Like Dorothy said in the wizard of OZ, "there's no place like home"

Thank You.
Retiredgrunt.


----------



## Mike Baker (31 Dec 2007)

Yeah, Happy New Year everyone!


----------



## gaspasser (31 Dec 2007)

Ladies and gentlemen, this sounds like a proper place to add this bit.  On top of wishing everyone a Very Happy, Prosperous and Joyous New Year, I offer my New Year's resolution, it is not the usual quit smoking {which I've already done} or to go to the gym more {umm, NOT!} I could go with losing a pound or two {darn those good cooks at mirage}  but I wish to end the year the same way I came in...upright and smiling.
 8)


----------



## Hawk (31 Dec 2007)

Happy New Year to you all.

Have fun tonight, but be safe.

With all our best wishes -

Hawk and Family


----------



## NL_engineer (31 Dec 2007)

Happy New Years to all  :cheers:

Keep safe to those all those deployed

CHIMO


----------



## Haletown (31 Dec 2007)

BZ to the forum mngt for providing this interchange of ideas and thoughts on the CF.

And to all this who this day stand and serve, a special thank you for making the sacrifices you do to keep me and mine safe and sound.

Your efforts are truly appreciated.


----------



## Greymatters (31 Dec 2007)

Ditto, Happy New Year to all...


----------



## warspite (31 Dec 2007)

Have a happy new year everybody. ;D


----------



## Flip (31 Dec 2007)

> A special thank You to Mike Bobbit who keeps this site up and running as well as he does and to the moderators for all their hard work in the past year for keeping us all on the straight and narrow.



We'll take a cup of kindness yet, for Auld Lang Syne.


----------



## 1feral1 (31 Dec 2007)

The clock counts down to 2008 from Victoria to Peggy's Cove.

Happy New Year to all.

Cheers,

Wes


----------



## Rodahn (31 Dec 2007)

And a Happy New Year to all and sundry.
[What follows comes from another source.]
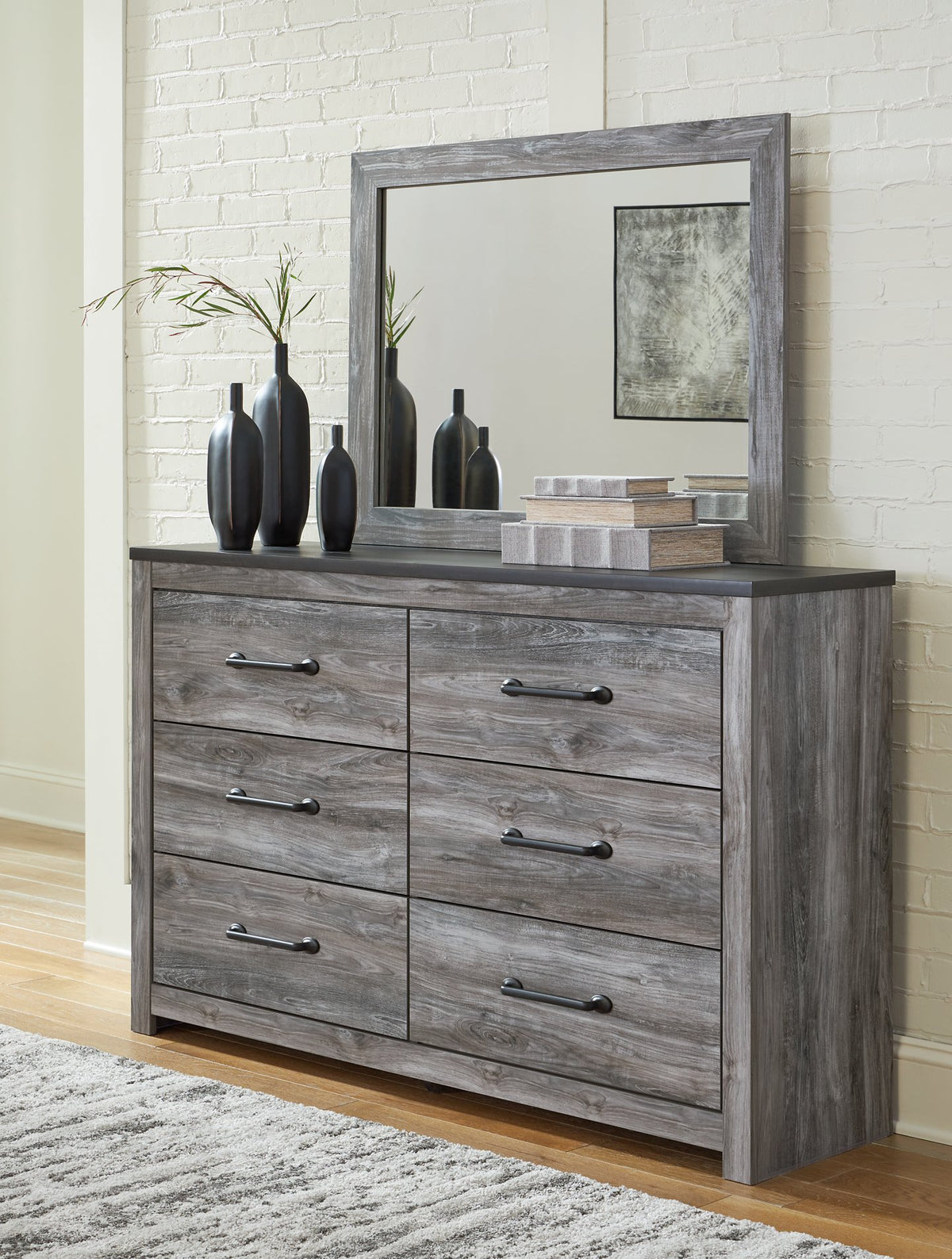 Bronyan Dresser and Mirror - Dresser and Mirror - Half Price Furniture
I too would like to echo the previous sentiment for those deployed, "Keep safe guys and gals"

All the best to all military members, wherever they may be.

Chimo


----------



## X-mo-1979 (31 Dec 2007)

Wesley  Down Under said:
			
		

> The clock counts down to 2008 from Victoria to Peggy's Cove.
> 
> Happy New Year to all.
> 
> ...



Umm...Maybe I missed something...isnt there that little island to the east of Peggy's cove.
New years in 1 hr from now on the cape outside ST.JOHNS NL.
I missed the fireworks at  paraliment tonight for the anniversary,however heading out after I talk to the family in NFLD.Downtown Ottawa by midnight!!


----------



## vonGarvin (31 Dec 2007)

Happy feast of Saint Silvester Marathon to one and all.


(And happy New Year, too!)

:cheers:


----------



## Good2Golf (1 Jan 2008)

Happy New Year to all, and all the best for 2008!  May the men and women who serve our nation be watched over as they do the County's bidding, both at home and abroad.

G2G


----------



## JAWS228 (1 Jan 2008)

WOooooooooooooooo happy new year to all, hope 2008 is coming in with much fanfare, booze and PARTYING! least partying that goes better then mine did..... 

*note: mods please feel free to delete this post, as I am currently on the sauce.......HAPPY NEW YEARS TO ALLL!!!!!!!!!!!!!!!!!!!!!


----------



## Greymatters (1 Jan 2008)

Woohoo happy new year!


----------



## midget-boyd91 (1 Jan 2008)

Happy New Year folks. Now go shut the blinds and turn off the T.V, radio, or whatever it is thats making that _thumping_ sound.


----------



## Mike Bobbitt (1 Jan 2008)

I'll add my belated Happy New Years wish to the list.

Thanks to the Staff for all the hours of work they put in here. You guys make this place run. Thanks to the subscribers who support the site and make sure we stay on the air.

Mostly, thanks to those who serve. You have my respect and gratitude for what you do. 


Happy New Year!
Mike


----------



## Mike Baker (1 Jan 2008)

I'll echo what Mike just said. The DS on here make this the best place on the web, bar none. And thanks to the rest of the subscribers on here, and those of you that donated money to get the new server up and running. And thanks to Mike himself for putting up with me getting the server set up and toiling with it whenever there is a problem, and getting new swag ^-^

But most importantly, thank you for those who are in the military. You do an exponential job, and I hope that I will soon be able to serve along side with you all.

Happy New Year everybody! 

:cheers:

Baker


----------



## AgentSmith (1 Jan 2008)

Happy New Year everyone!


----------



## PMedMoe (1 Jan 2008)

A Happy, Healthy and Prosperous New Year to all!!!!


----------



## tkp_mack (6 Jan 2008)

Thanks to all those who made a difference or tried to or are trying to make one.
Thanks to all those who are serving – may you be safe.

May all of you be safe.
May the new year bring you and yours health.
May you all be blessed.


----------



## Jacqueline (7 Jan 2008)

Happy New Year to all! I enjoy the site because the people are smart!!!! It's always nice to read intelligent conversations. Thanks for all the info and news, it's ALWAYS worth the time!


----------